Good question. We are working on support for JIT LTO, but in 11.2 it is not supported. So in the example you give at JIT time it will JIT each individual PTX to cubin and then do a cubin link. This is the same as we have always done for JIT linking. But we should have more support for JIT LTO in future releases.
@mmurphy1 Thanks for the reply - I look forward to seeing more information in the future :)
Would you also be able to shed any light on the following: Using device link-time optimization results in much larger fatbinaries
@mmurphy1 Are there any reasons that DLTO cannot achieve the same runtime performance as the whole program compilation? Performing DLTO should be able to inline and optimize all functions thus will generate the same code as the whole program compilation, unless the linker does not always inline and optimize the code (since DLTO doesn’t have enough memory to perform the linking?).
DLTO should provide the same runtime performance as whole program. If doing “partial LTO” where some objects were not compiled with -dlto then the scope of optimization will be smaller.
but in 11.2 it is not supported.
Ok, is it supported in 11.7?
JIT LTO is supported as of 11.4, but only as a preview feature. There will be a change to the interface in 12.0 to better support our compatibility guarantees.
Thanks! However, judging by the release notes for 11.4, it looks to be more for manual JIT (i.e. explicitly invoking nvcc), whereas I was thinking more about the “automatic” JIT that the NVIDIA GPU driver performs if a fatbinary doesn’t include SASS for the target GPU arch. Do you know how/if the driver handles DLTO JIT?
That is correct, JIT LTO is only supported manually at this time, not as part of the automatic or implicit runtime. JIT linking at the ELF level is supported in the runtime.
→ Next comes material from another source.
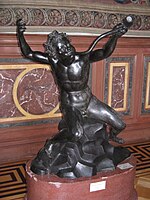 Пьєтро Такка, фонтанна скульптура «Хлопчик з трубою», бронза, Ермітаж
By default when you compile with -dlto -dc it stores both LTO-IR and PTX in the fatbinary, so if you update your chip it will then do JIT compile and link of the PTX and it will work functionally, but you won’t get the LTO optimization from that. This is something that we may release later, depending on customer feedback.
Thanks for the clarification :) Having the driver automatically perform LTO when JIT compiling/linking from PTX/LTO-IR would be a great feature from our point of view, so fingers crossed!
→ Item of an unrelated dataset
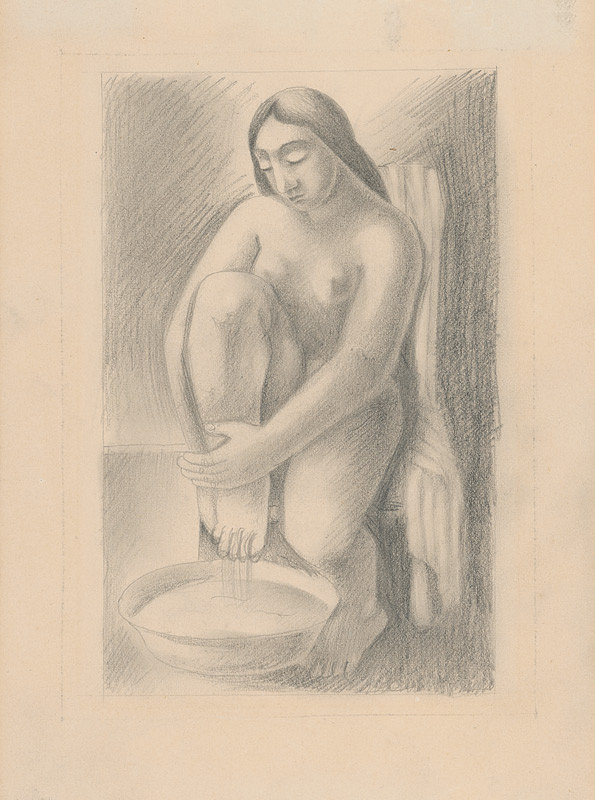 Mikuláš Galanda – Umývanie nôh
@mmurphy1 apologies for digging up an old thread, just checking whether LTO optimization ever made it’s way into the driver JIT or if there are plans to do so? Checked the release notes up to CUDA 12.6 (currently the latest release), but didn’t see anything immediately obvious.
Sorry for a late reply, was on vacation. What we did was to provide a new runtime library, libnvJitLink, for doing runtime LTO. This is supported as of 12.0. With the library you can do JIT linking of LTO (or PTX or cubins). See the nvJitLink documentation in the 12.x cuda toolkits.